Due to a desire to keep costs as low as possible, major exporting companies subcontract to external pre-processing facilities. These facilities, referred to as ‘peeling sheds’, remove the heads, veins and hard shell of prawns and prepare it for secondary or value-added processing.

This pre-processing stage of production is the most labour-intensive and least regulated aspect of an otherwise sophisticated supply chain. The informal nature of it makes it particularly prone to poor working conditions, breaches of national and international labour standards, child and forced labour, exploitation, and abuse.

An investigation ran by the non-governmental organisation, the Environmental Justice Foundation, revealed human trafficking, exploitation, bonded and child labour, are widespread within the warmwater prawn industry. According to the 2018 Global Slavery Index, there is an estimated 1.2m modern slavery victims in Indonesia, 421,000 in Vietnam and 610,000 in Thailand – many of which are involved within warmwater prawn production.


Mangrove swamp destruction, chemical spills, trash fish, bycatch species collapse from fine mesh trawling, slavery, and human exploitation – none of these things are new news when it comes to the prawn industry. Multiple online campaigns, undercover scoops in national papers, and Channel Four documentaries have all sought over the years to warn us of our penchant for prawns.

Have any worked? Not one bit. Or not according to the data. In fact, national retail sales of prawns, and particularly warmwater prawns, have continued to rise year on year. And while some prawn exporters have sought to clean up their act with ethical labelling and organic or environmental accreditations, these only account for less than 10% of the world’s prawn producers.

How British retailers have responded to the increasing demand for prawns and their questionable ethical qualities have been varied. Some have promised to put prawns at the top of their agendas for “supply chain investigation”, while others have remained very quiet.

At Rockfish, we see it as quite simple. We’ve always sought to only provide the highest quality seafood, from vessels and fisheries that we know and trust. We only want to sell the most sustainable and the freshest, and best looked after. That’s it. Which is why we literally scoured the planet for a solution to this prawn shaped problem, and why we’re thrilled to have eventually set up a UK supply chain with the Austral Fishery and their exceptional Skull Island Prawns.

The Northern Prawn Fishery is often referred to as Australia’s last ‘wild frontier’. The fishery covers approximately 880,000 square km, with less than 12% of that area being fished. 

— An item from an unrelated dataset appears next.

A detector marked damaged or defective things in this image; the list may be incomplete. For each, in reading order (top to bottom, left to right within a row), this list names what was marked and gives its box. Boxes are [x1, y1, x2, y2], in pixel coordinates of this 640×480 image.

Certified ‘sustainable’ by the Marine Stewardship Council, Skull Island tiger prawns come from the world’s first certified sustainable tropical prawn fishery. They are caught from August to November each year and only caught during the night to ensure minimal impact on bycatch. Meanwhile, specialised nets are used to ensure turtle bycatch is non-existent.

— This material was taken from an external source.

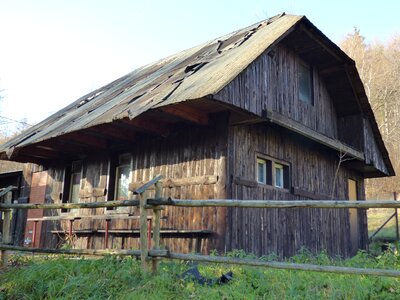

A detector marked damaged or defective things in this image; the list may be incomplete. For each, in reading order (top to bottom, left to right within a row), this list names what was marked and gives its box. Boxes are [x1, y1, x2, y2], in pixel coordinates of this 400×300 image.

damaged roof [0, 14, 394, 177]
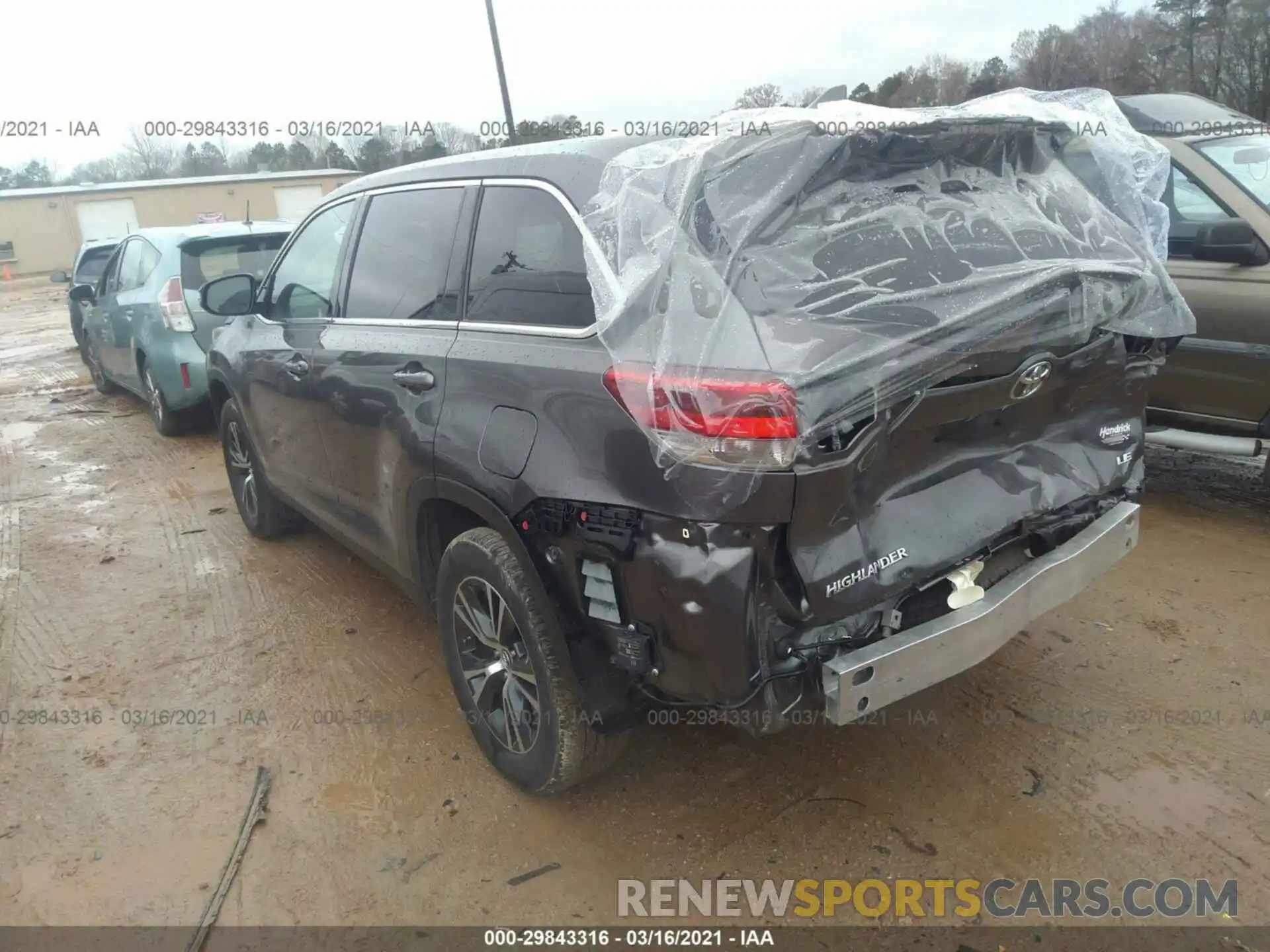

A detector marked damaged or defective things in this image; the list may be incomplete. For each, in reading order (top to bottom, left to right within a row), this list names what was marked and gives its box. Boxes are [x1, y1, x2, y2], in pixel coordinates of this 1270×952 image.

damaged gray suv [203, 113, 1193, 797]
exposed rear bumper bracket [823, 502, 1143, 726]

The remainder of the year is closed to fishing to ensure juvenile tiger prawns have ample time to grow into adults and reproduce. 

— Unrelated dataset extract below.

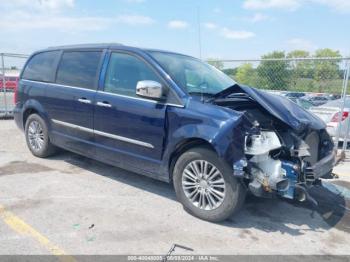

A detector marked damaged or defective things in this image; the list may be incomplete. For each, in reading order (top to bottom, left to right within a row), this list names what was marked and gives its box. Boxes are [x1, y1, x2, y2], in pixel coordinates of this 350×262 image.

Prawn stocks are maintained at healthy, sustainable levels with annual scientific sampling and surveys, as well as a multi-year scientific review of the status of the fishery.

Like everybody, we love prawns at Rockfish, but some we find hard to trust, their environmental and human impact is just not a price we’re willing to pay – not matter how cheap they are. But Skull Islands are certainly something different, a step in a new direction, towards a better future, a prawn everybody can love.